**Your task:**
An exact transcript of every entry is required, without any of the pictures.

**Provided material:**
= = =
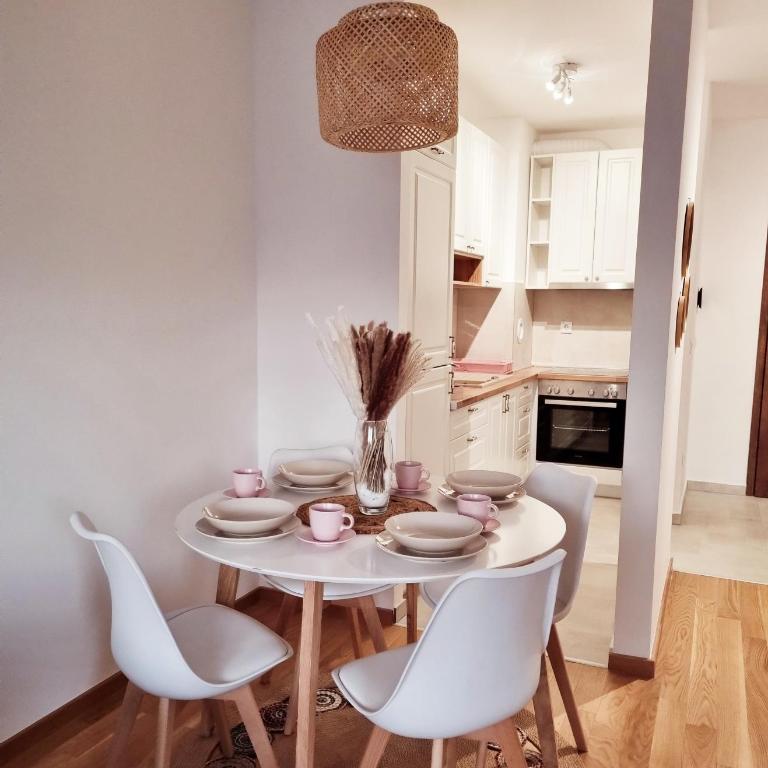 Cozy Home Apartment Banja Luka - Apartman sa 1 Spavaćom Sobom - 9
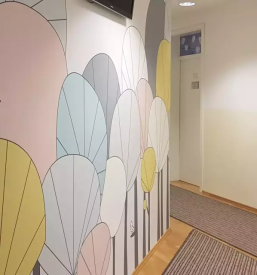 Projektiranje Ljubljana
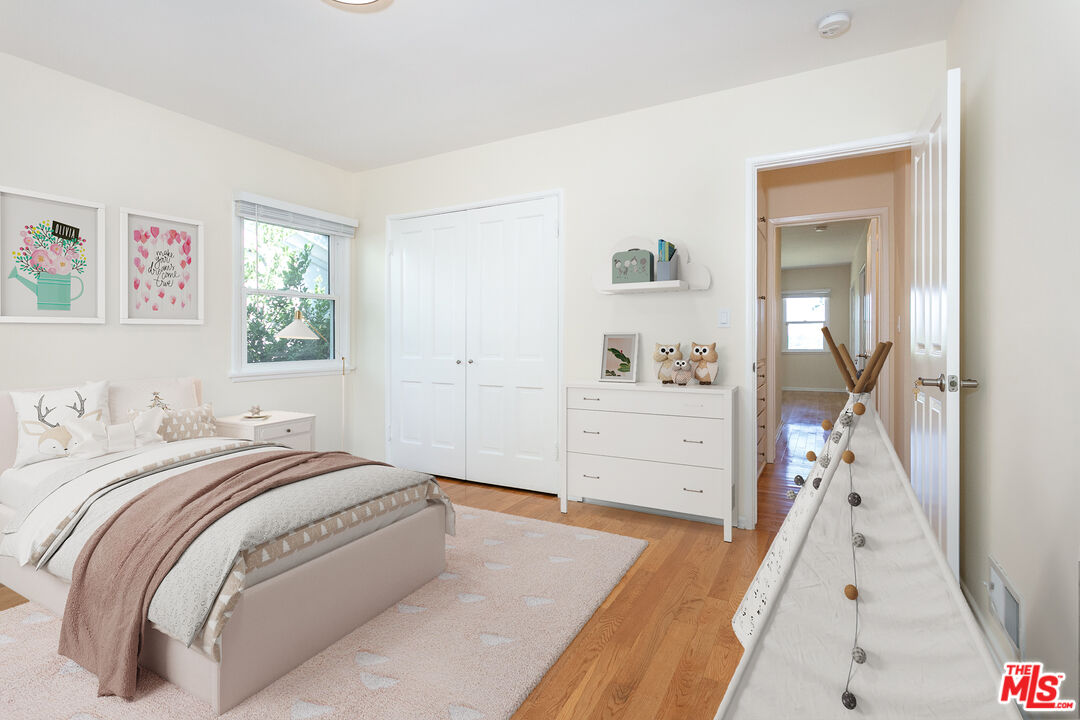 2536 Roscomare Road Los Angeles, CA 90077 - Photo 11 of 16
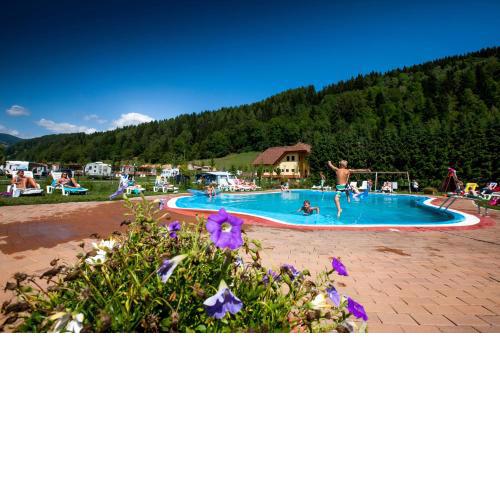 Casa mobile - Bella Austria****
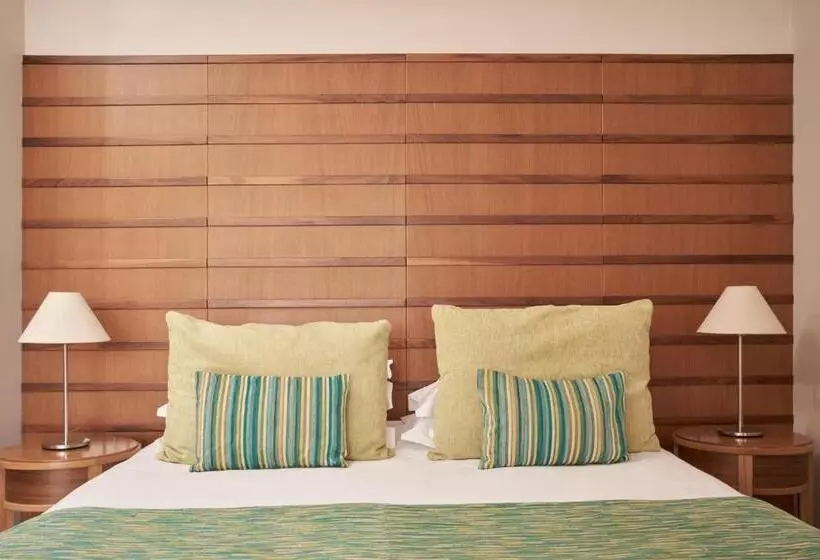 Fotos del hotel Hotel Atlantica Oasis:  21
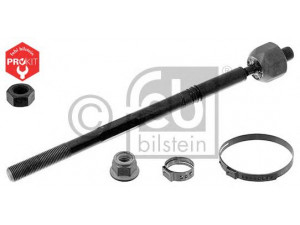 FEBI BILSTEIN 43794 vidinė skersinė vairo trauklė 
 Vairavimas -> Vairo mechanizmo sujungimai
1609 181, 13332651, 13332651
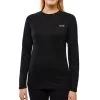 Kombi B2 Merino Blend Women's Crew Top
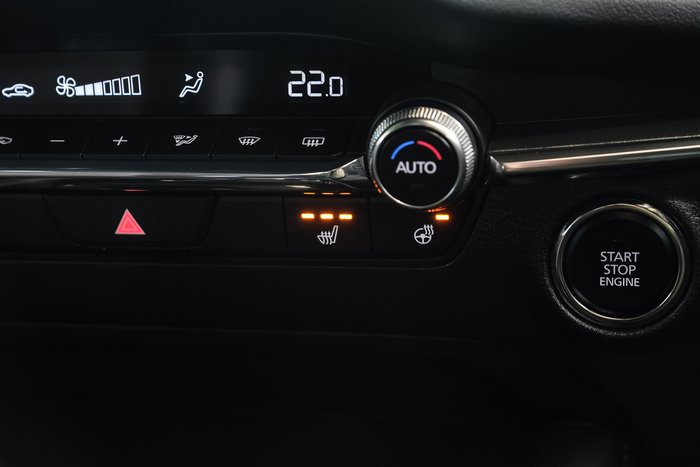 2025 Mazda 3 G25 GT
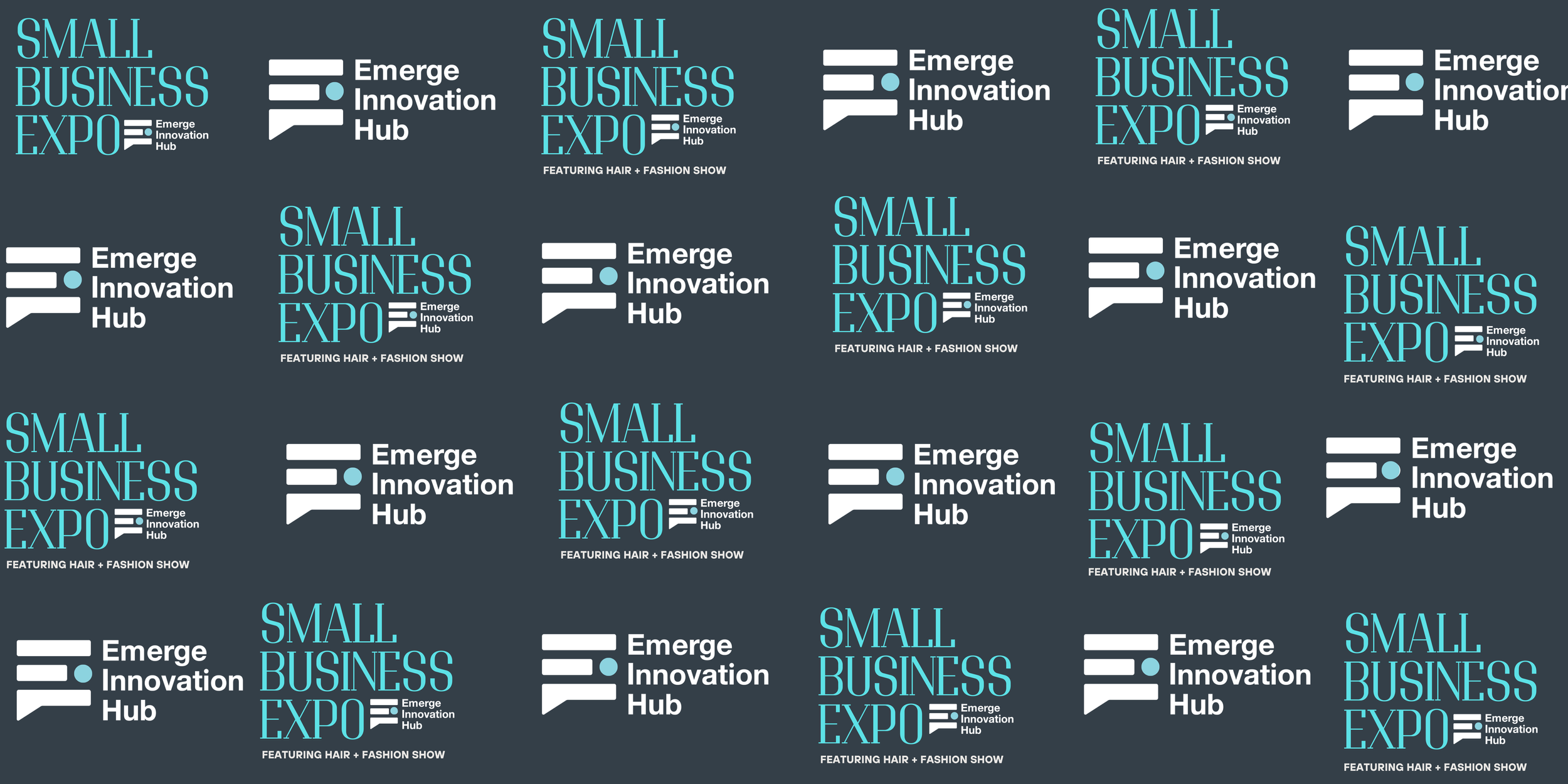 2027 Small Business Expo Vendor Registration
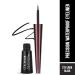 Colorbar Waterproof Black Liquid Eyeliner - Long-lasting Formula - Buy Online on GoSupps.com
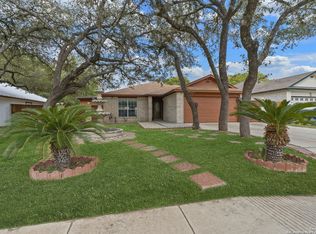 6503 Ridge Place St, San Antonio, TX 78250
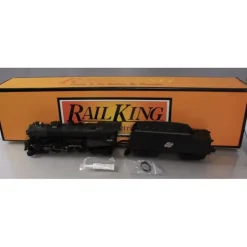 Trains*MTH 30-1536-1 Chicago North Western 4-6-4 Hudson Steam Engine w/PS2 #4001 - Model Train Junction: Quality Parts and Art Supplies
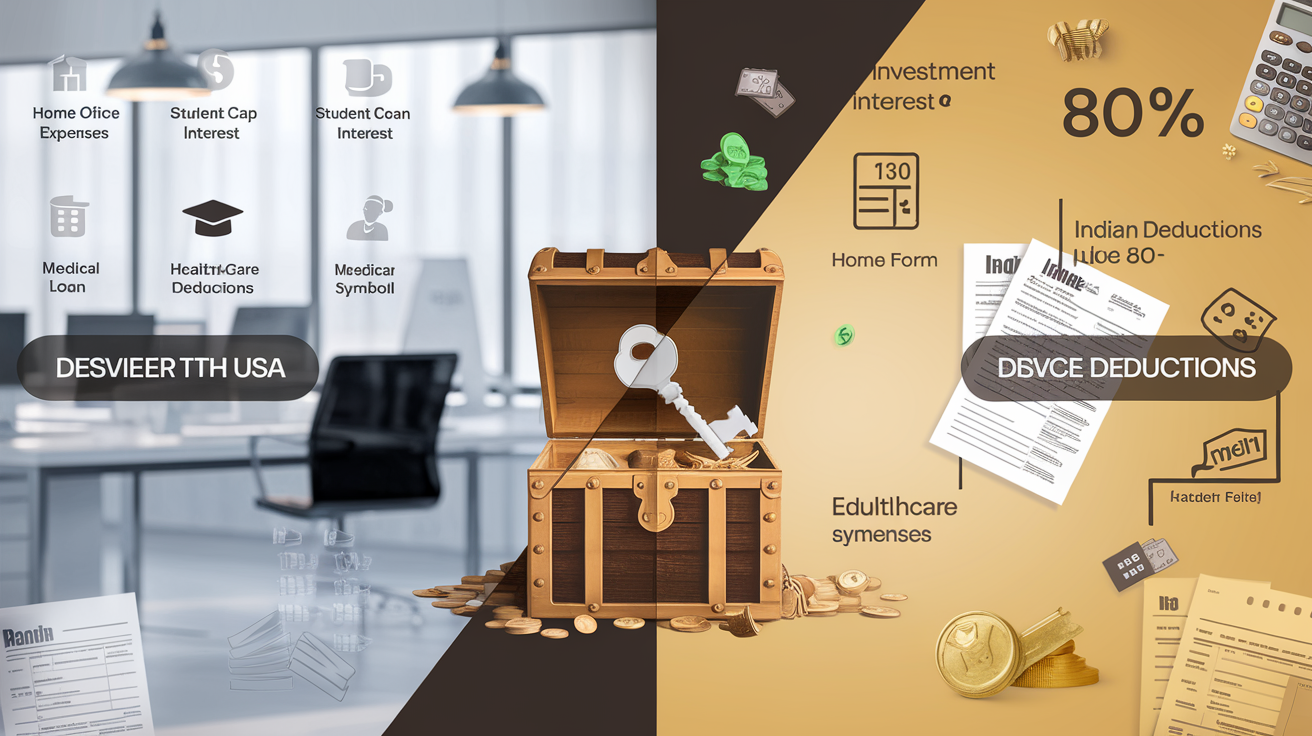 Income Tax Deductions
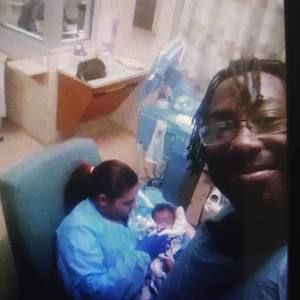 Meet your Posher, Marvin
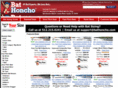 baseballbaghoncho.com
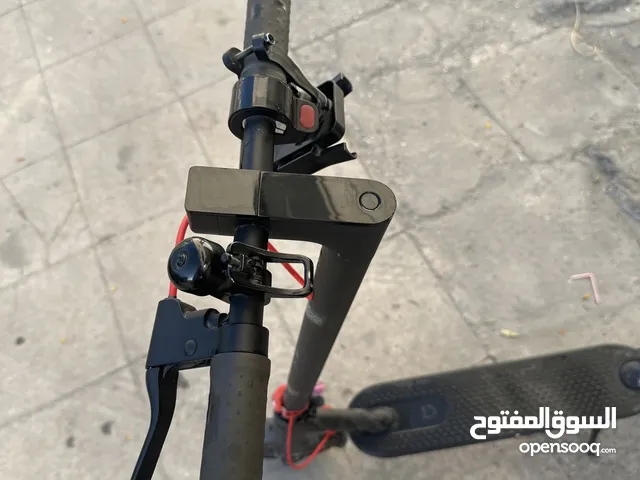 سكوتر تشاوي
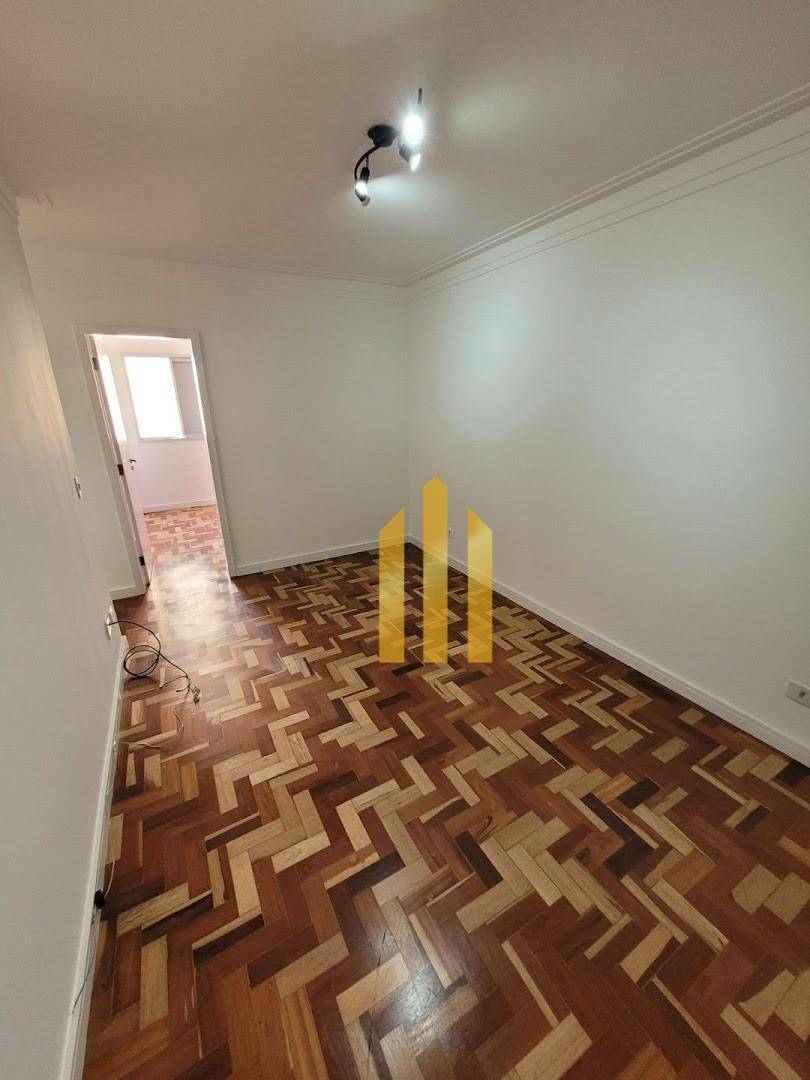 Apartamento à venda com 2 quartos, 52m² - Foto 5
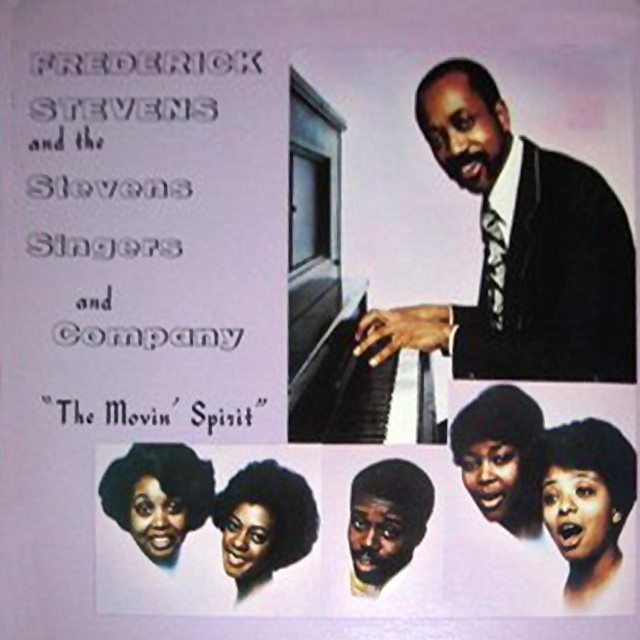 The Movin' Spirit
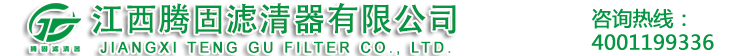 江西腾固滤清器有限公司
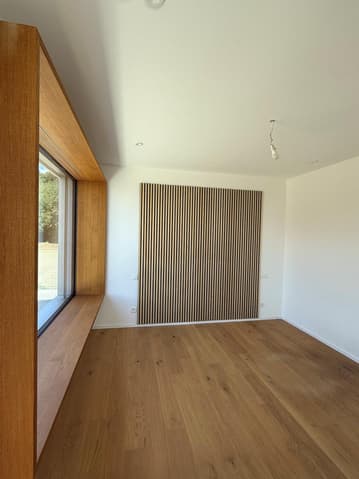 2.5 pièces en attique avec grande terrasse et vue sur le lac - Bild 8
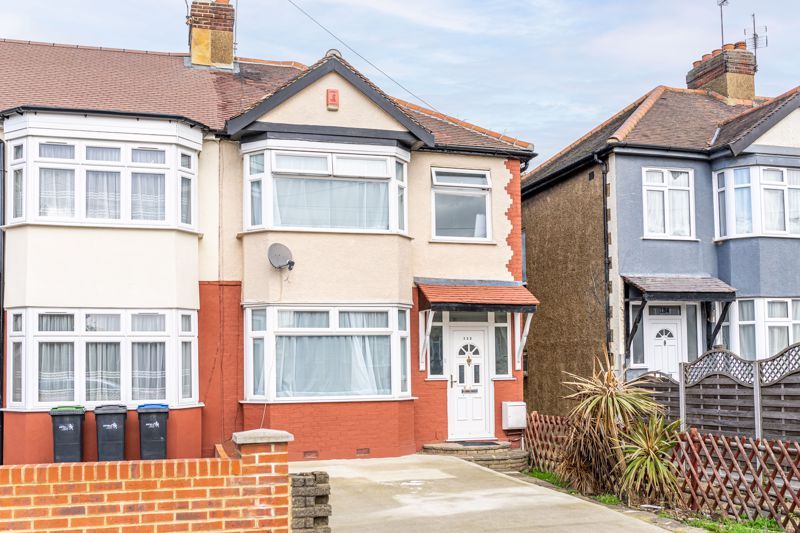 3 bed terraced house for sale in Addison Road, Enfield EN3 Zoopla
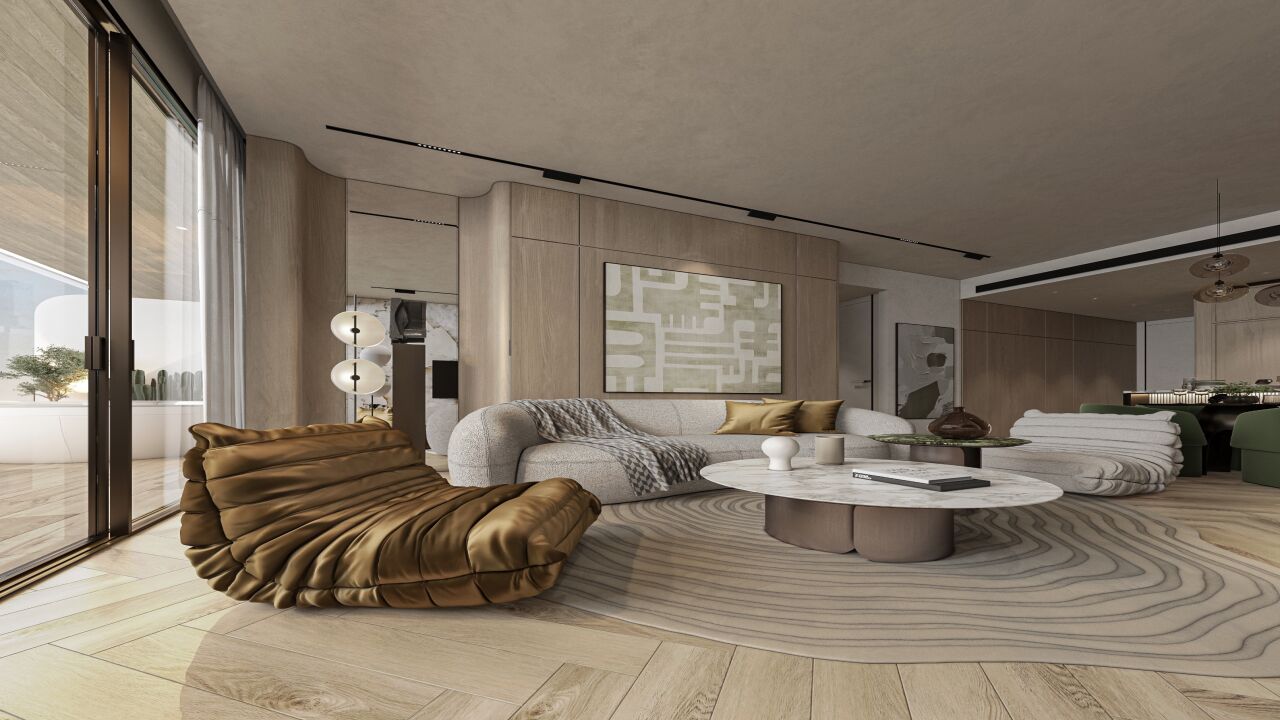 Unit Image 5, Studio Apartment For Sale in Sky Line, Dubai Land Residence Complex, Dubailand, Dubai, XPLOON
= = =
**Task result:**
 Cozy Home Apartment Banja Luka - Apartman sa 1 Spavaćom Sobom - 9
 Projektiranje Ljubljana
 2536 Roscomare Road Los Angeles, CA 90077 - Photo 11 of 16
 Casa mobile - Bella Austria****
 Fotos del hotel Hotel Atlantica Oasis:  21
 FEBI BILSTEIN 43794 vidinė skersinė vairo trauklė 
 Vairavimas -> Vairo mechanizmo sujungimai
1609 181, 13332651, 13332651
 Kombi B2 Merino Blend Women's Crew Top
 2025 Mazda 3 G25 GT
 2027 Small Business Expo Vendor Registration
 Colorbar Waterproof Black Liquid Eyeliner - Long-lasting Formula - Buy Online on GoSupps.com
 6503 Ridge Place St, San Antonio, TX 78250
 Trains*MTH 30-1536-1 Chicago North Western 4-6-4 Hudson Steam Engine w/PS2 #4001 - Model Train Junction: Quality Parts and Art Supplies
 Income Tax Deductions
 Meet your Posher, Marvin
 baseballbaghoncho.com
 سكوتر تشاوي
 Apartamento à venda com 2 quartos, 52m² - Foto 5
 The Movin' Spirit
 江西腾固滤清器有限公司
 2.5 pièces en attique avec grande terrasse et vue sur le lac - Bild 8
 3 bed terraced house for sale in Addison Road, Enfield EN3 Zoopla
 Unit Image 5, Studio Apartment For Sale in Sky Line, Dubai Land Residence Complex, Dubailand, Dubai, XPLOON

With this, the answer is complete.